A. Das multinationale Welterbeprojekt "Grenzen des römischen Reiches" Das multinationale Welterbeprojekt
Die Grenzanlagen des Imperium Romanum, lat. "limes" bzw. "ripa" (Land- bzw. Flussgrenzen) genannt, durchlaufen und verbinden über 5500 Kilometer zahlreiche moderne Länder auf insgesamt drei Kontinenten. Sie bilden eines der größten und ältesten Völker und Landschaften verbindende archäologische Erbe. Seine Grenzen, die das Reich in seinem Umfang markierten, kontrollierten und bewachten, gehören seit 2005 zum UNESCO Kulturerbe und können, angemessen und grenzüberschreitend wissenschaftlich aufbereitet und der Öffentlichkeit präsentiert, einen wichtigen Beitrag zu einer gemeinsamen kulturellen Identität von Europa bzw. der zuletzt wiederbelebten Mittelmeerunion darstellen.

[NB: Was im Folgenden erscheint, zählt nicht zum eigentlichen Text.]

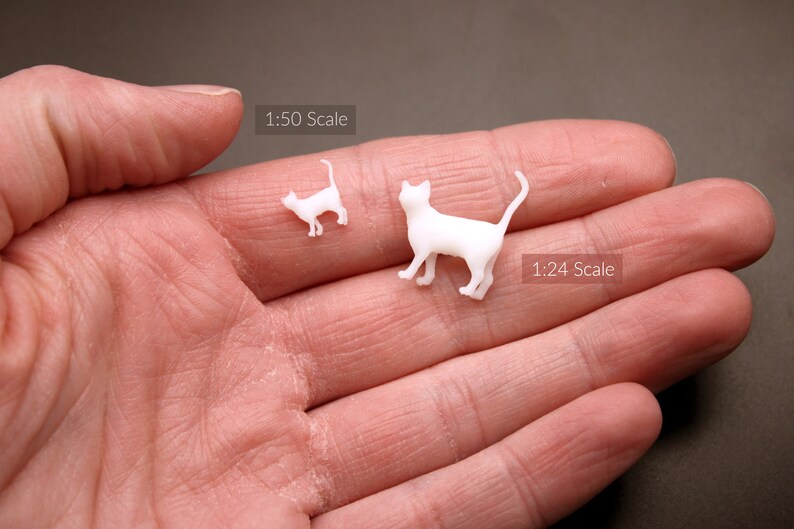 Puede incluir: Dos figuritas de gato de pl&aacute;stico blanco, una es m&aacute;s grande que la otra. El gato m&aacute;s grande est&aacute; etiquetado como "1:24 Scale" y el gato m&aacute;s peque&ntilde;o est&aacute; etiquetado como "1:50 Scale".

In Europa verläuft die Grenzlinie von Großbritannien über die Flüsse Rhein und Donau bis in den Balkanraum zum Schwarzen Meer. Darüber hinaus beeinflusste die römische Zivilisation auch zahlreiche Nachbarländer bis in den skandinavischen und baltischen Raum, wie die römischen Funde in den Nationalmuseen in Kopenhagen, Berlin und Warschau zeigen. Einzelne Teile des Monuments, wie der Hadrian´s Wall in Nordengland, sind bereits seit 1987 Welterbe. Mit der Aufnahme des obergermanisch-raetischen Limesabschnittes in Deutschland im Sommer 2005 durch die UNESCO wurde der erste Schritt in Hinblick auf ein multinationales Welterbe gesetzt, das im Juli 2008 durch den Antoninus Wall, die römische Grenzanlage in Schottland, erweitert wurde. Diese ersten Teilabschnitte sollen bald durch weitere Nominierungen am Donaulimes, in Österreich, der Slowakei, Ungarn und Kroatien ergänzt werden.
Ansicht des Amphitheaters in Carnuntum In den Limesländern gibt es tausende von Militärplätzen in sehr unterschiedlichem Erhaltungszustand. Viele von ihnen sind Bodendenkmäler und oberirdisch für den Betrachter unsichtbar. Andere werden schon mehr als 120 Jahre wissenschaftlich erforscht und in Ruinenfreigelände und Archäologieparks der Öffentlichkeit präsentiert. Jedes Jahr kommen mit Hilfe der Luftbild- bzw. der geophysikalischen Prospektion und der zahlreichen Rettungsgrabungen neue Anlagen hinzu. Alle diese Denkmäler bilden zusammen mit den römischen Funden in den Limesmuseen einen großen archäologischen Schatz. Während einzelne am besten bekannte Ruinen der römischen Militärarchitektur durch Denkmalschutzgesetze geschützt sind, werden jedes Jahr viele archäologische Hinterlassenschaften vor allem in den städtischen, aber auch in ländlichen Regionen beschädigt oder unwiederbringlich zerstört. Viele Anlagen sind durch Straßenbauprojekte, öffentliche und private Bautätigkeit, die Errichtung neuer Einkaufszentren oder die Landwirtschaft massiv bedroht. Eine Nominierung als Welterbe soll helfen dieses archäologische Erbe zu identifizieren und für die nächsten Generationen so gut als möglich zu bewahren.
Obwohl es zahlreiche nationale Bemühungen gibt, fehlte bis vor kurzem eine europaweit harmonisierte, strategische Planung zur Dokumentation und Präsentation dieses internationalen Kulturerbes. Das Hauptziel der internationalen Zusammenarbeit von Denkmalschützern und Archäologen richtet sich auf den stufenweise Ausbau eines multinationalen UNESCO Welterbes „Grenzen des römischen Reiches“. Neben dem denkmalpflegerischen Schutz soll ein erhöhtes Bewusstsein für das Monument auch die Akzeptanz in der Öffentlichkeit in den einzelnen Ländern verbessern.